(Ottawa) Ralph Goodale, conseiller spécial du premier ministre Justin Trudeau sur l’écrasement du vol PS752 de la compagnie Ukraine International Airlines, survenu il y a un an en Iran, souhaite que son récent rapport sur cette tragédie mène à de profondes réformes internationales sur les procédures à suivre pour enquêter sur de tels écrasements meurtriers.

De telles réformes empêcheraient notamment qu’un pays qui est directement responsable de l’écrasement survenu sur son territoire puisse diriger l’enquête sur les évènements tragiques de quelque manière que ce soit, estime M. Goodale, qui a été ministre de la Sécurité publique durant le premier mandat du gouvernement Trudeau.

M. Goodale, qui n’a pas été réélu dans sa circonscription en Saskatchewan au dernier scrutin, a rendu public son rapport de 74 pages à la fin de décembre, quelques jours avant le premier anniversaire de l’écrasement du vol PS752 qui a tué les 176 personnes à bord le 8 janvier 2020.
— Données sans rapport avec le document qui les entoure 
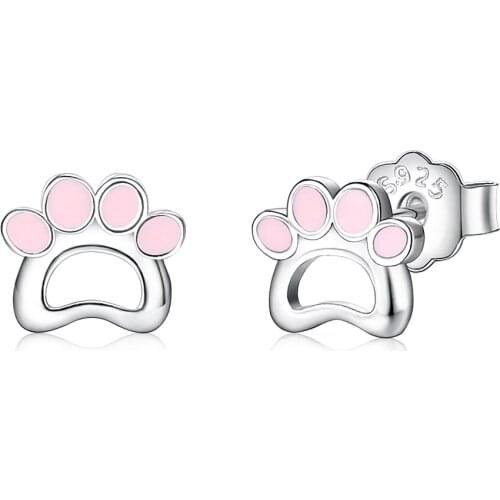ZEMIOR Cute Stud Earring For Women S925 Sterling Silver Cat Footprint Pink Epoxy Earrings Sweet Romantic Style Fine Jewelry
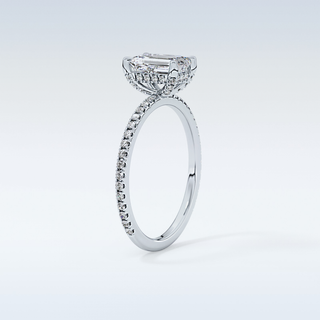 1.02 CT Hidden Halo & Pave Engagement Ring Featuring Emerald Moissanite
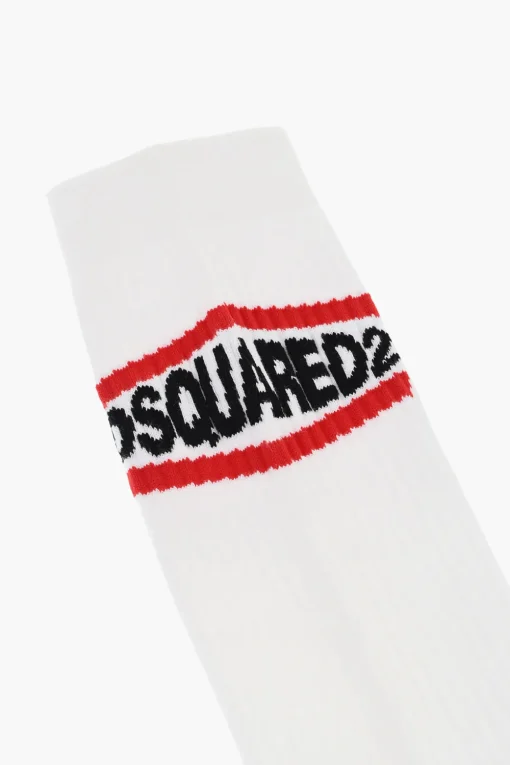 Calzini Lunghi a Coste con Dettaglio a Contrasto>Dsquared2 New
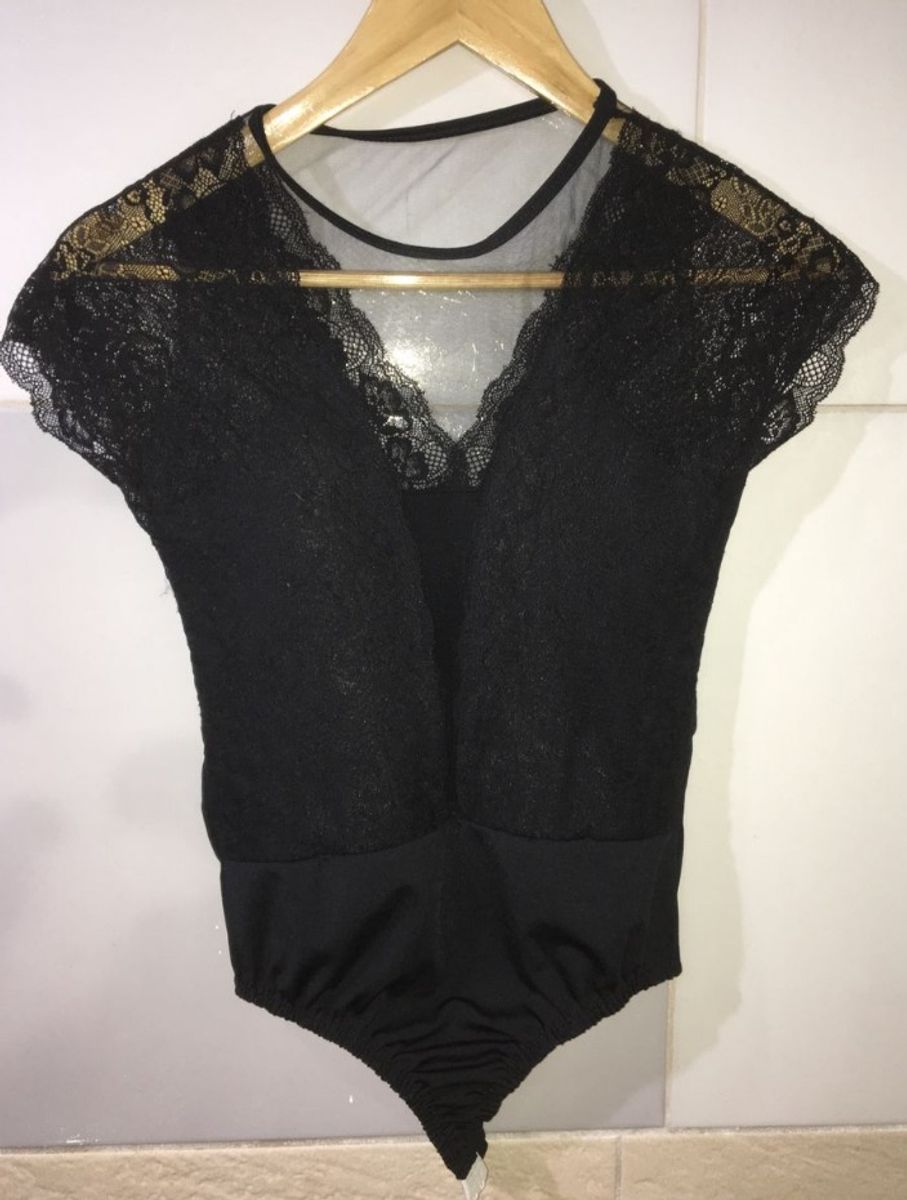 Body Renda Decote V Preto, Blusa Feminina Usado 75323364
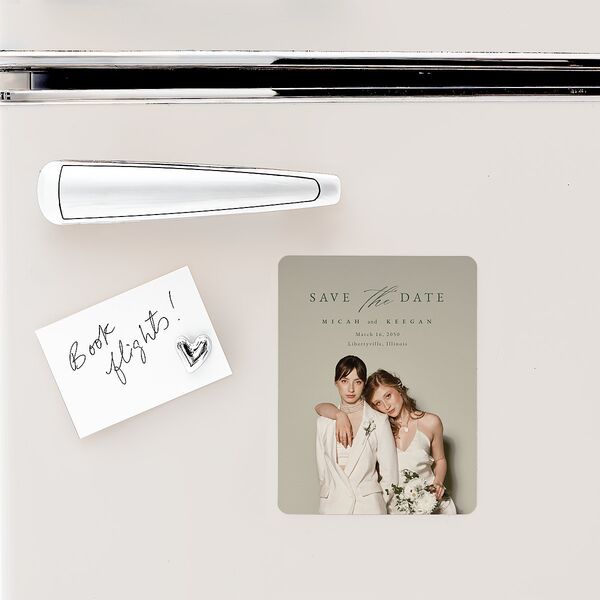 Illustrated Vines Save The Date Magnets Hunter Green Magnet Paper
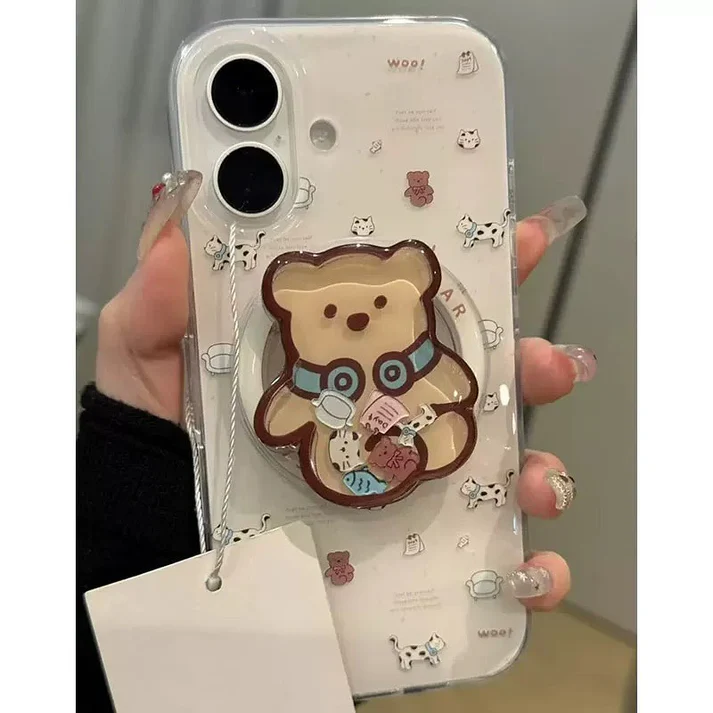 Adorable Teddy & Puppy Charm Case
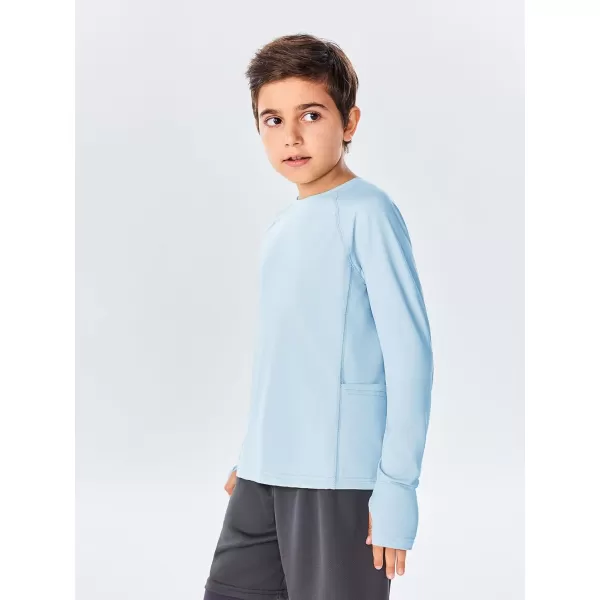 Boys Long Sleeve Athletic Shirts Kids Quick Dry Thumb Hole T-Shirts Tops with Pockets 4-14 Years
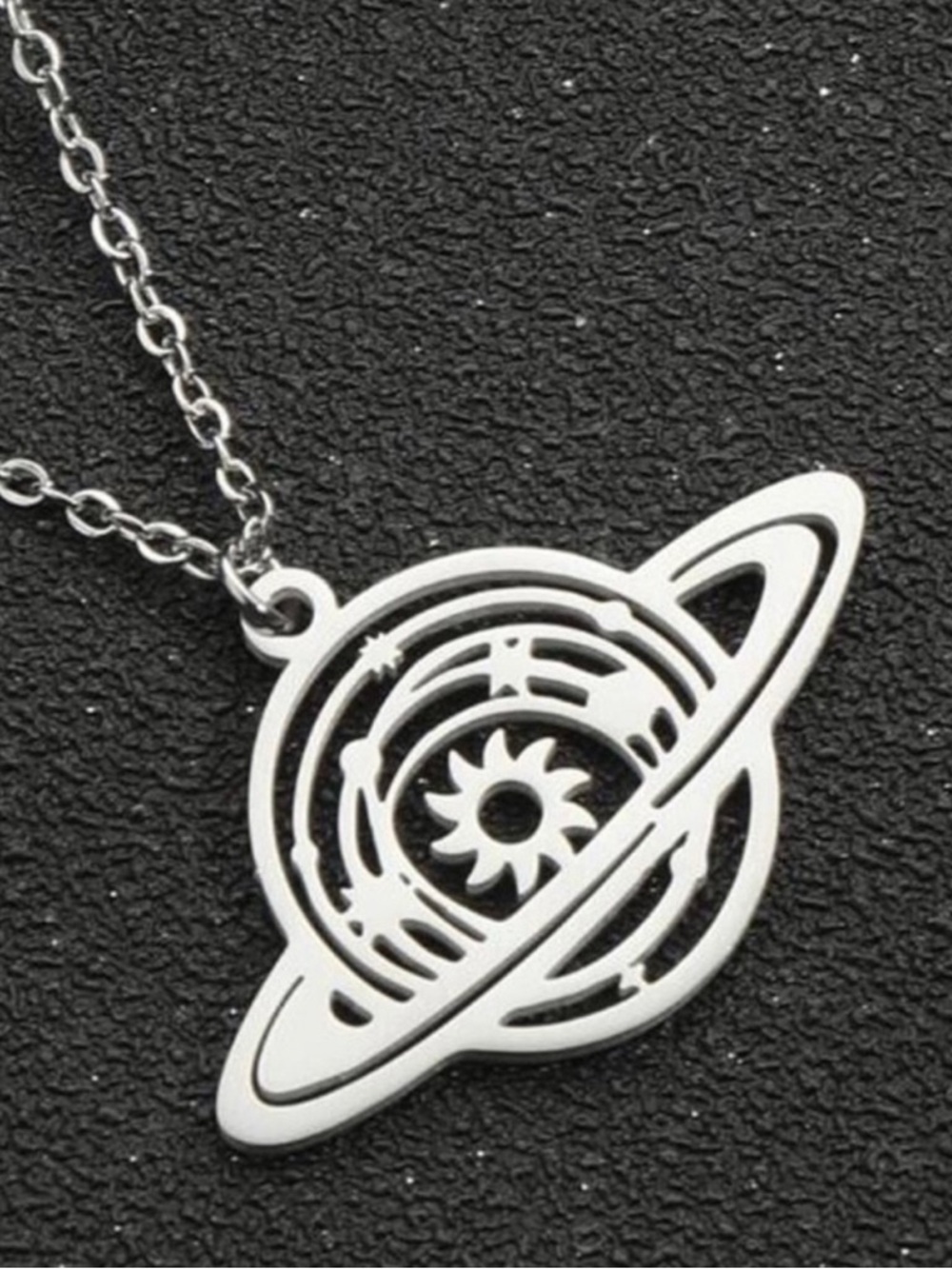 “Solar System in Ringed Planet” Universe Galaxy Diagram Sun Star Space Necklace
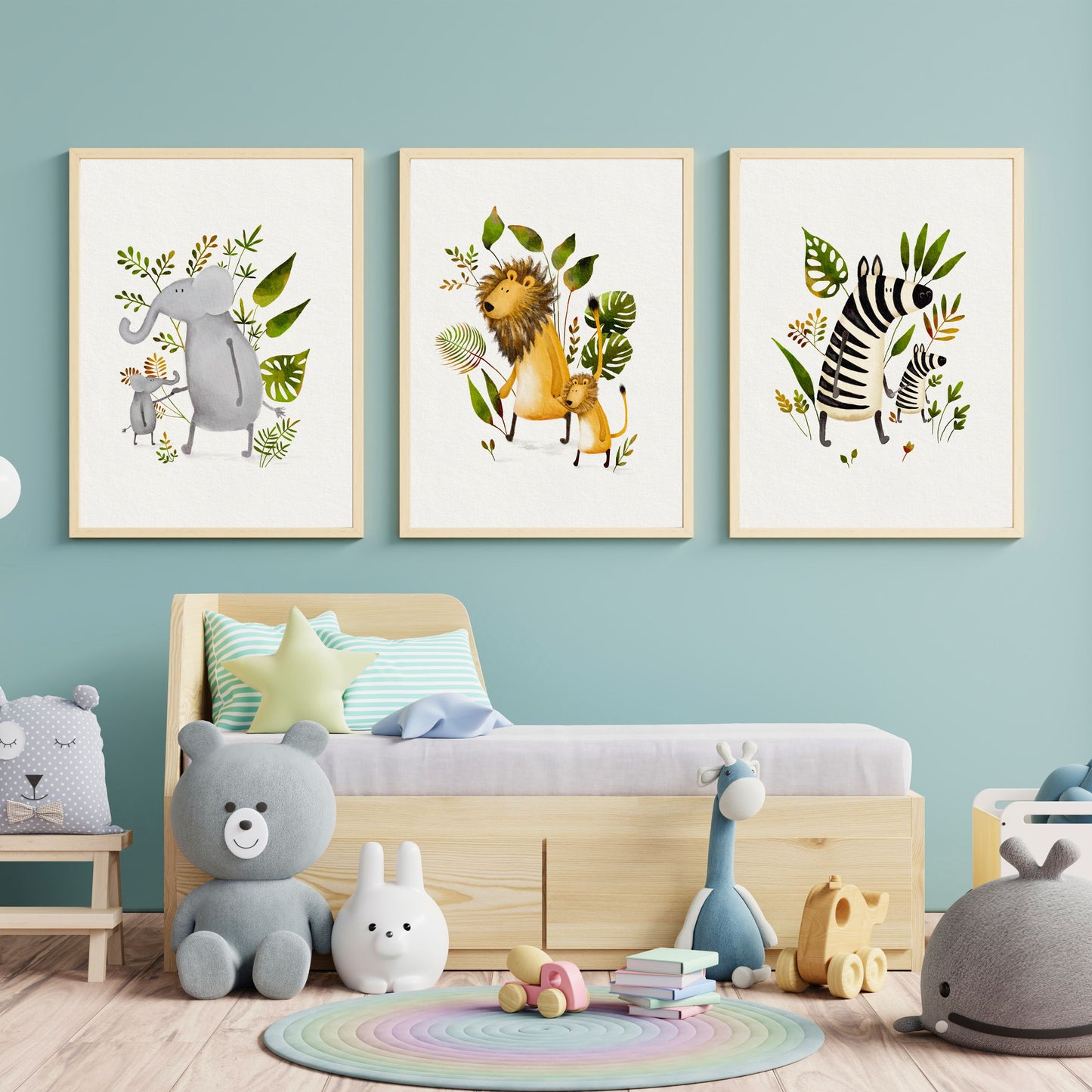 Set of Three Safari Animal Art Prints For Children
La moitié des victimes étaient des citoyens canadiens ou des résidents permanents du Canada. L’appareil a été abattu par deux missiles sol-air tirés par les Gardiens de la révolution islamique iranienne peu après son décollage de l’aéroport de Téhéran.

« Les règles internationales actuelles sont adéquates quand il s’agit d’enquêter sur un accident aérien qui est causé par le mauvais temps, une erreur de pilotage, un moteur qui prend feu ou une envolée d’oies. Mais quand les forces militaires d’un pays sont responsables de la tragédie, c’est un grave problème. Cela représente un énorme conflit d’intérêts », a affirmé M. Goodale dans une entrevue avec La Presse.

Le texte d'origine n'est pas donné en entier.